• [TASK INPUT]
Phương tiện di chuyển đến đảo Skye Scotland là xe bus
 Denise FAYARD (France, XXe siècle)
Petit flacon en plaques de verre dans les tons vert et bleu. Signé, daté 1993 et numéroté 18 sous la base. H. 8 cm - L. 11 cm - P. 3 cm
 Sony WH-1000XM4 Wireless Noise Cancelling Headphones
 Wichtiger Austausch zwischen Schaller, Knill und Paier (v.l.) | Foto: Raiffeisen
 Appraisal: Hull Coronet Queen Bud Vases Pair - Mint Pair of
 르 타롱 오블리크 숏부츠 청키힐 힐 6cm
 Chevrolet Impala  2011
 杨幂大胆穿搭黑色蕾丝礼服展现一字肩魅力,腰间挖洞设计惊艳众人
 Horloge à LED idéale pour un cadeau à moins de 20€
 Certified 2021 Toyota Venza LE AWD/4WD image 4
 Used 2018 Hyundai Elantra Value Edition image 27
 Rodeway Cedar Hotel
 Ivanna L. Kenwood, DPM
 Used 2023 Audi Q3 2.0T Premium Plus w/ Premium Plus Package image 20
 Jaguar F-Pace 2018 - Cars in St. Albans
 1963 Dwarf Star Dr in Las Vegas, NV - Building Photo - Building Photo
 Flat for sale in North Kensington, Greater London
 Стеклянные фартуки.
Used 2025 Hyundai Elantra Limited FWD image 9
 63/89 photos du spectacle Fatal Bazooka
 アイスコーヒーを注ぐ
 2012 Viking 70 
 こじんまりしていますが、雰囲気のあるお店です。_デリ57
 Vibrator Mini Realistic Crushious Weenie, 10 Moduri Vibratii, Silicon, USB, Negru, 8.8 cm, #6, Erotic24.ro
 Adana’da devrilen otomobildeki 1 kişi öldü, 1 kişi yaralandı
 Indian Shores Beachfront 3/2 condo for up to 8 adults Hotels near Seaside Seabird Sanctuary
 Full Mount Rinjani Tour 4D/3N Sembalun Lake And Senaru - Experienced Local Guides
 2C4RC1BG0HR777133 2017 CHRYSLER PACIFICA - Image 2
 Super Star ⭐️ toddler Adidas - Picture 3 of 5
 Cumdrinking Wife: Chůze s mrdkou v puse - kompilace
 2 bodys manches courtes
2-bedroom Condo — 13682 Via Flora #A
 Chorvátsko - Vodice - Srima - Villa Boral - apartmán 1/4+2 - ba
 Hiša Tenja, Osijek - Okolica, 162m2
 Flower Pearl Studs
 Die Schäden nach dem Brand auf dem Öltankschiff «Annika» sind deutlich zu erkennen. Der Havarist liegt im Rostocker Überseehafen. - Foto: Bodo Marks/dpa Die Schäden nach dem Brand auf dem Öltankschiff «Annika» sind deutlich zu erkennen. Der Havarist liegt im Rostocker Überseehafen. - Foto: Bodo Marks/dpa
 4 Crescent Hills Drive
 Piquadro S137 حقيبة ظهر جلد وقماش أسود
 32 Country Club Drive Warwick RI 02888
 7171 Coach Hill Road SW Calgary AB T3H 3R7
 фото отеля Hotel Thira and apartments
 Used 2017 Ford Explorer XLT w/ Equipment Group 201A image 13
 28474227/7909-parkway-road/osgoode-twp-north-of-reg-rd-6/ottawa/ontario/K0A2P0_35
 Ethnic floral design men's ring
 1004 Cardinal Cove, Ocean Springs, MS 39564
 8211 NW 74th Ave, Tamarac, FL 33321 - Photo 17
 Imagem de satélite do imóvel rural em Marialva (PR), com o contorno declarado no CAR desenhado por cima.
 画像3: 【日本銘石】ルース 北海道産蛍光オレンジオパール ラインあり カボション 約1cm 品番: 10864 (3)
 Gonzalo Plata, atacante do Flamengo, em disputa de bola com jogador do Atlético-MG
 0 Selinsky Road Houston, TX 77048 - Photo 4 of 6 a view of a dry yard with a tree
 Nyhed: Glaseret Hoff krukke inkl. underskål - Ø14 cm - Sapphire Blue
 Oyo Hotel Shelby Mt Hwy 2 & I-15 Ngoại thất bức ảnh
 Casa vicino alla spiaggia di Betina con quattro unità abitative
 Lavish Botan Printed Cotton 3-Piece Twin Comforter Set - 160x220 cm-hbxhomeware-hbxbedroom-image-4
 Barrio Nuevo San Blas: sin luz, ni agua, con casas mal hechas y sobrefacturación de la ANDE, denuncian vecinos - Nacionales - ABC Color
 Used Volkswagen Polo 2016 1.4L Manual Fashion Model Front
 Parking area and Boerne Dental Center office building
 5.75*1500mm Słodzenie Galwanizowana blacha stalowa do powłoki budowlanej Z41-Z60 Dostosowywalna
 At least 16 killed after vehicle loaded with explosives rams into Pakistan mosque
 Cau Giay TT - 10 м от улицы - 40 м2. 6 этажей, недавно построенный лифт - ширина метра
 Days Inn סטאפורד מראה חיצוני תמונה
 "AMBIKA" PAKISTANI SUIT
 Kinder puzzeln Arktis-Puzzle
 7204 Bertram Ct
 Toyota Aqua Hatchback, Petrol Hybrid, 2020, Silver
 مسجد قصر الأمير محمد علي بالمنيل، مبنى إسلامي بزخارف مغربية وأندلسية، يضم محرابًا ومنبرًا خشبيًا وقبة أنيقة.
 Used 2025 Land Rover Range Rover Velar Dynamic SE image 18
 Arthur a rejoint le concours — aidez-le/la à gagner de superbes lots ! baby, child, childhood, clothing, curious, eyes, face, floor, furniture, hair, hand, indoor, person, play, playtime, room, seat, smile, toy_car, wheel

• [TASK OBJECTIVE]
Write out, from the lines above, only those from the line with "Petit flacon en" to the line with "фото отеля Hotel Thira and apartments", exactly as given, including the first and the last.

• [YOUR SOLUTION]
Petit flacon en plaques de verre dans les tons vert et bleu. Signé, daté 1993 et numéroté 18 sous la base. H. 8 cm - L. 11 cm - P. 3 cm
 Sony WH-1000XM4 Wireless Noise Cancelling Headphones
 Wichtiger Austausch zwischen Schaller, Knill und Paier (v.l.) | Foto: Raiffeisen
 Appraisal: Hull Coronet Queen Bud Vases Pair - Mint Pair of
 르 타롱 오블리크 숏부츠 청키힐 힐 6cm
 Chevrolet Impala  2011
 杨幂大胆穿搭黑色蕾丝礼服展现一字肩魅力,腰间挖洞设计惊艳众人
 Horloge à LED idéale pour un cadeau à moins de 20€
 Certified 2021 Toyota Venza LE AWD/4WD image 4
 Used 2018 Hyundai Elantra Value Edition image 27
 Rodeway Cedar Hotel
 Ivanna L. Kenwood, DPM
 Used 2023 Audi Q3 2.0T Premium Plus w/ Premium Plus Package image 20
 Jaguar F-Pace 2018 - Cars in St. Albans
 1963 Dwarf Star Dr in Las Vegas, NV - Building Photo - Building Photo
 Flat for sale in North Kensington, Greater London
 Стеклянные фартуки.
Used 2025 Hyundai Elantra Limited FWD image 9
 63/89 photos du spectacle Fatal Bazooka
 アイスコーヒーを注ぐ
 2012 Viking 70 
 こじんまりしていますが、雰囲気のあるお店です。_デリ57
 Vibrator Mini Realistic Crushious Weenie, 10 Moduri Vibratii, Silicon, USB, Negru, 8.8 cm, #6, Erotic24.ro
 Adana’da devrilen otomobildeki 1 kişi öldü, 1 kişi yaralandı
 Indian Shores Beachfront 3/2 condo for up to 8 adults Hotels near Seaside Seabird Sanctuary
 Full Mount Rinjani Tour 4D/3N Sembalun Lake And Senaru - Experienced Local Guides
 2C4RC1BG0HR777133 2017 CHRYSLER PACIFICA - Image 2
 Super Star ⭐️ toddler Adidas - Picture 3 of 5
 Cumdrinking Wife: Chůze s mrdkou v puse - kompilace
 2 bodys manches courtes
2-bedroom Condo — 13682 Via Flora #A
 Chorvátsko - Vodice - Srima - Villa Boral - apartmán 1/4+2 - ba
 Hiša Tenja, Osijek - Okolica, 162m2
 Flower Pearl Studs
 Die Schäden nach dem Brand auf dem Öltankschiff «Annika» sind deutlich zu erkennen. Der Havarist liegt im Rostocker Überseehafen. - Foto: Bodo Marks/dpa Die Schäden nach dem Brand auf dem Öltankschiff «Annika» sind deutlich zu erkennen. Der Havarist liegt im Rostocker Überseehafen. - Foto: Bodo Marks/dpa
 4 Crescent Hills Drive
 Piquadro S137 حقيبة ظهر جلد وقماش أسود
 32 Country Club Drive Warwick RI 02888
 7171 Coach Hill Road SW Calgary AB T3H 3R7
 фото отеля Hotel Thira and apartments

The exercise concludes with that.